2.4 Dues, Rights, and Benefits. Dues shall be deemed to have been paid in order to adhere to the organization and support its purposes, and not as consideration for the benefits pertaining to a particular class of membership. The particulars of a class of membership, including dues and benefits, may be modified at any time without refunding dues previously paid, provided that no membership may be made shorter than the period for which the dues were paid, and no voting member shall cease to be a voting member during the period for which his dues have already been paid.
2.5 Membership Meetings. There shall be an Annual Meeting of the voting members, at a time and place to be determined by the Executive Board.
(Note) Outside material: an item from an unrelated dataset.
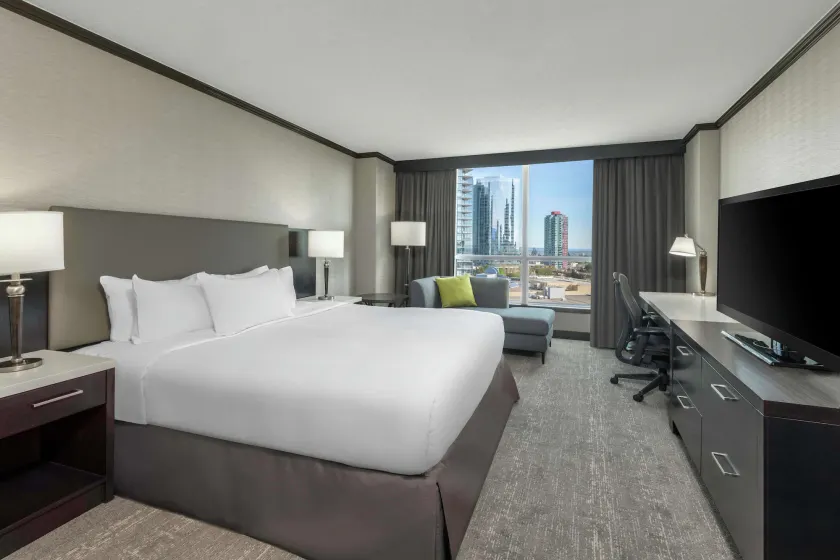 Hilton Vancouver Metrotown - Image 1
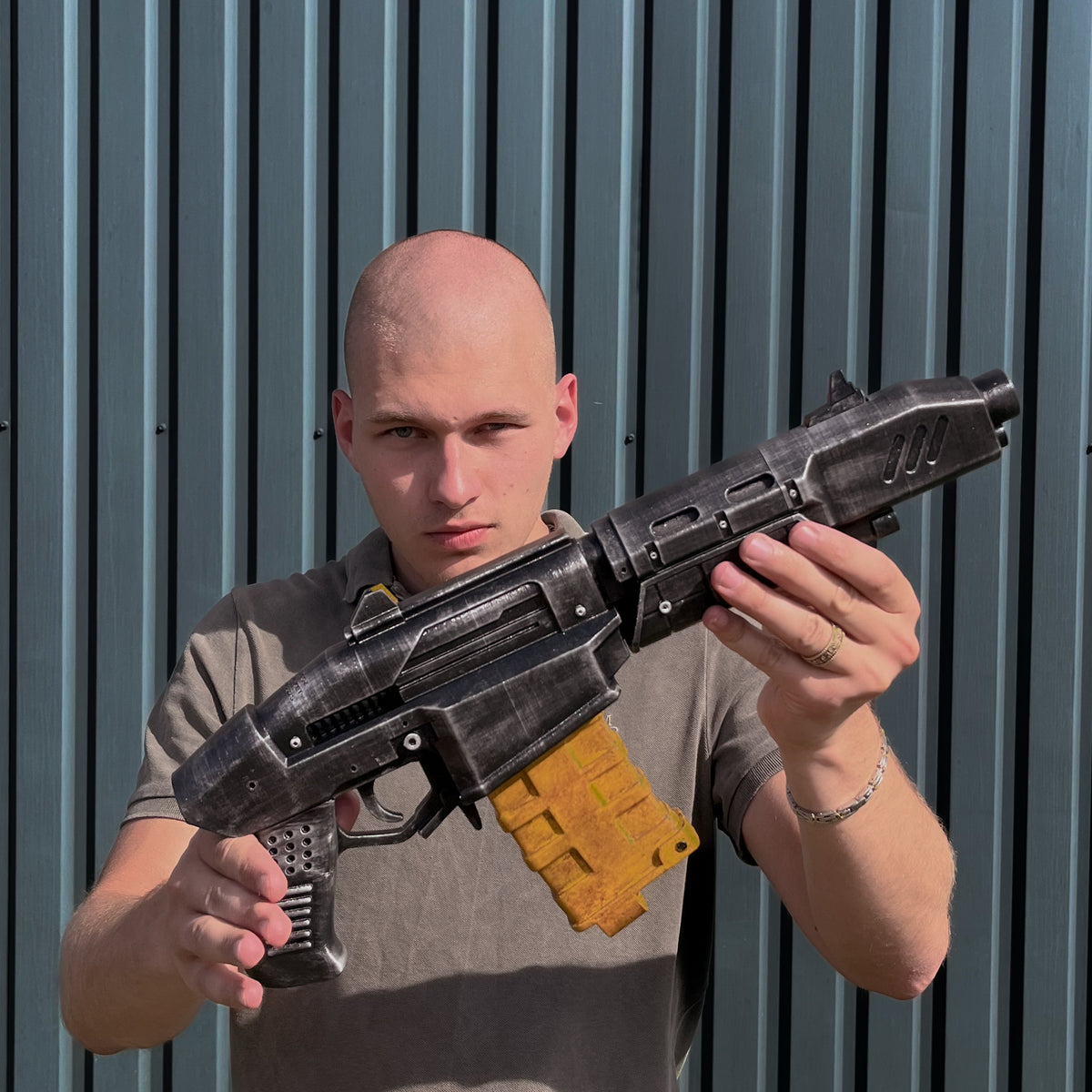 Crusher Shotgun – Cyberpunk 2077 Cosplay Prop — model creator reference image 4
A Special Meeting of the voting members may be called by the President or the Executive Board, and shall be called by the President upon a written petition of thirty voting members. Said petition shall specify the questions to be deliberated, and those questions shall be specified in the notice of the Special Meeting. A Special Meeting may consider only questions specified in the notice of the Special Meeting, and questions reasonably arising therefrom.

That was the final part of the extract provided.